Tujuan dari demokrasi lokal/otonomi daerah adalah mensinergiskan pembangunan di daerah, dimana selama ini pembangunan tersentralisasi di Jakarta.
Namun pemerintah daerah salah kaprah dengan gagasan otonomi daerah, yang terjadi pemerintah daerah menjadi industri PERDA (Peraturan Daerah) untuk meningkatkan PAD (Pendapatan Asli Daerah)lewat retribusi.
Faktanya, otonomi daerah tidak mampu menjadi mentor pembangunan karena pemerintah daerah lebih mengedepankan retribusi(pajak) bukan pembangunan industri yang nantinya mampu menampung tenaga kerja potensial yang akhirnya mampu meningkatkan taraf hidup masyarakat.

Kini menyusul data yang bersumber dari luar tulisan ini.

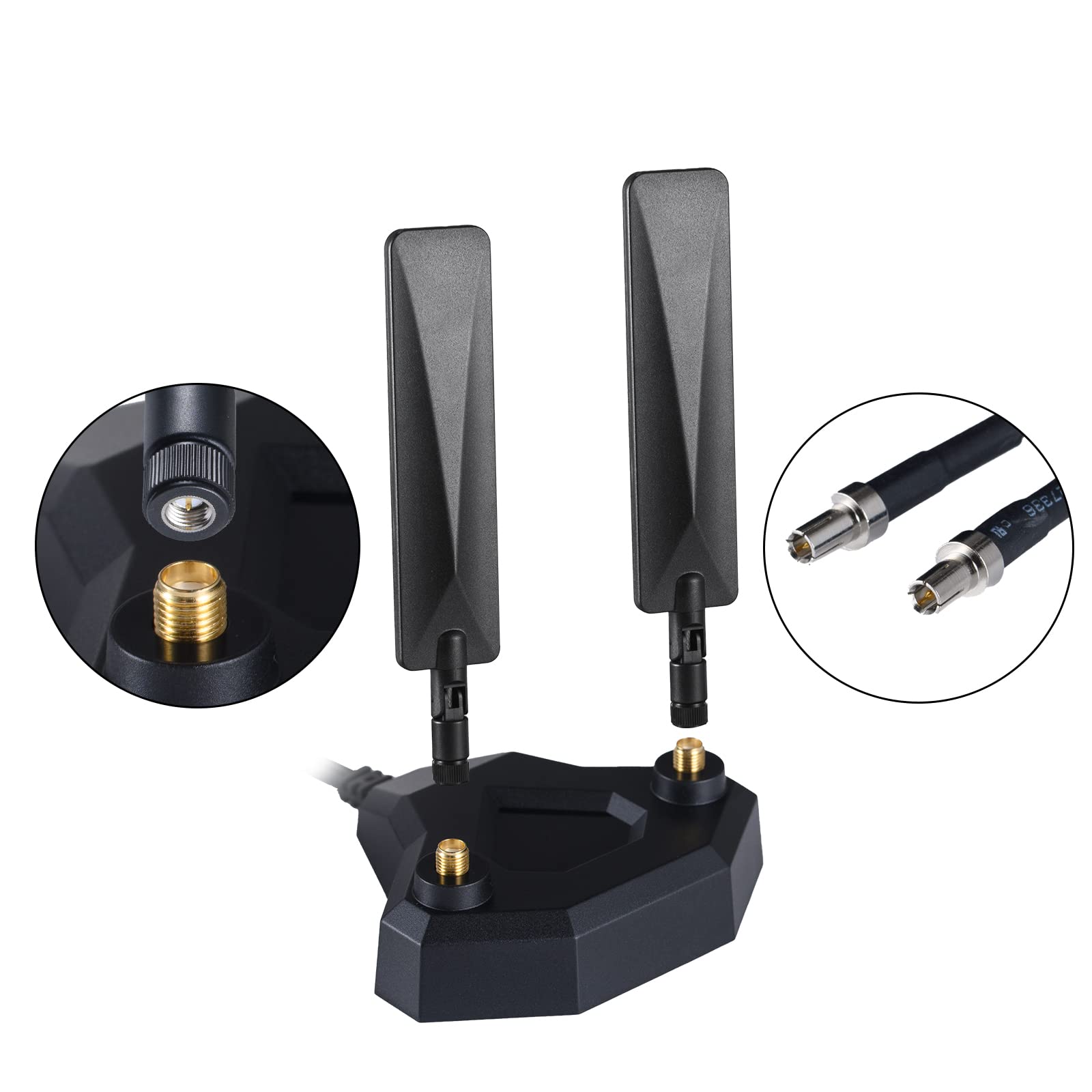 9dBi Magnetic Base Dual TS9 Antenna for Netgear Nighthawk M1 MR1100 LB1120 LM1200 Verizon Jetpack 8800L Mobile Hotpots Router MiFi Mobile AT&T T-Mobile Hotspot 4G LTE Router, Eifagur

Ini bisa dilihat dari susahnya birokrasi terhadap investor yang akan masuk ke daerahnya. Pemerintah daerah lebih mengedepankan, berapa pajak yang akan diberikan perusahaan kalian jika beropoerasi di daerah kami? seharusnya, pertanyaannya adalah berapa tenaga kerja baru yang nantinya dibutuhkan oleh perusahaan kalian? ....

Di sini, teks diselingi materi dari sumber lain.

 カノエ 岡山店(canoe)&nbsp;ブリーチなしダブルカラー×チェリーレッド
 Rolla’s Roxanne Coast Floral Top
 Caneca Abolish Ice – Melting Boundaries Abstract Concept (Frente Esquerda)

Menjadi fakta bersama kalau masyarakat Bawean cenderung konservatif. Wacana apapun yang diinjekkan pastinya menimbulkan pro kontra...(tapi jangan klenik dong masa mahasiswa klenik..gak rasional aja Bung) wacana Bawean kabupaten? kenapa tidak..??!!! Bawean punya banyak potensi.

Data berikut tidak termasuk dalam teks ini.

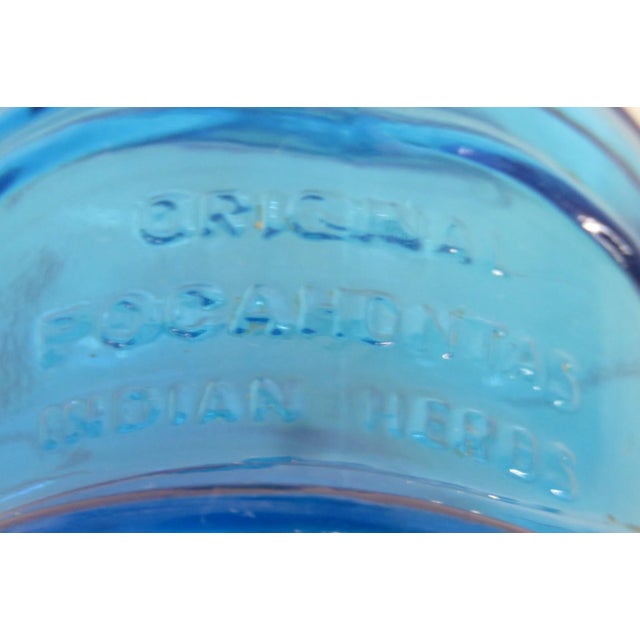 Wheaton Nj Pocahontas Indian Herbs 2pc Pair Blue Glass Salt Pepper Shakers 4926b For Sale - Image 13 of 16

Potensi alam yang belum dikelolah secara maksimal, dan tentunya potensi sumber daya manusia. namun banyak prasyarat untuk pemekaran wilayah (kecamatan-kabupaten), misal; luas wilayah, jumlah kecamatan minimal 3 kecamatan, jumlah penduduk, ketersediaan sarana dan prasarana, pendapatan daerah..dll !!!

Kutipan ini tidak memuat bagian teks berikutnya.